WHIT STILLMAN
Bil’s rating (out of 5): BBB.5.
Ireland/Netherlands/France/USA, 2016. Westerly Films, Blinder Films, Centre National de la Cinématographie et de l’Image Animée, Chic Films, Protagonist Pictures, Revolver Amsterdam. Screenplay by Whit Stillman, based on the novella Lady Susan by Jane Austen. Cinematography by Richard van Oosterhout. Produced by Lauranne Bourrachot, Katie Holly, Whit Stillman. Music by Benjamin Esdraffo. Production Design by Louise Matthews, Bryan Tormey. Costume Design by Eimer Ni Mhaoldomhnaigh. Film Editing by Sophie Corra.

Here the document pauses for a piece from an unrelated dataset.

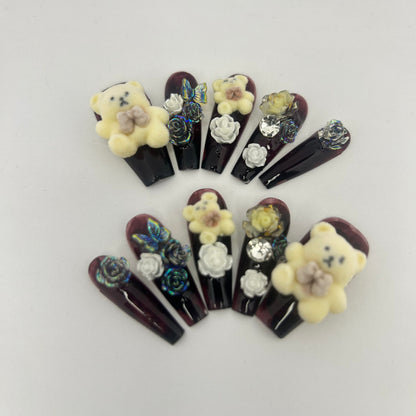 Yellow Bear with flowers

Scandalous Kate Beckinsale, an impoverished widow who steals hearts easily with her still youthful beauty, departs from an estate she has been visiting after possibly turning a handsome married man away from his wife. She goes to the home of her late husband’s brother, from which she intends to orchestrate the marriage between her daughter and an eligible suitor, which then becomes complicated by the admiration of her hostess’s brother (Xavier Samuel), who disappoints his family by associating with a woman they dislike immensely. Through it all is Beckinsale’s dear friend from America (Chloe Sevigny), who assists in the many machinations of the delightful plot adapted freely by Whit Stillman from Jane Austen’s Lady Susan, an early novella that was not made public until after her death. Stillman fleshes out the details of the period beautifully and intelligently fills out the plot with scenes and dialogue that are not from Austen but never feel inappropriate for one of the wittiest and most satisfying writers who ever published in England. What the author’s early works lack is the respect for sentimentality that her later novels would have; amid all her sharp (often to the point of catty) narration, there is always at least one moment when a character in a later Jane Austen novel expresses genuine kindness or sympathy and is not shamed by the narrator for it. This story exists from a time before Austen had reached this maturity, and as a result it makes for a film that is all sharp points and cold pleasures, the whole thing perpetually revolving around the axis of Beckinsale (who hasn’t been this delightful since Cold Comfort Farm) expertly outwitting the fools around her in an effort to bend a man’s world to a woman’s will. It is not a film that makes a deeply lasting impression, but it is so polished and laugh out loud funny that it simply must be seen.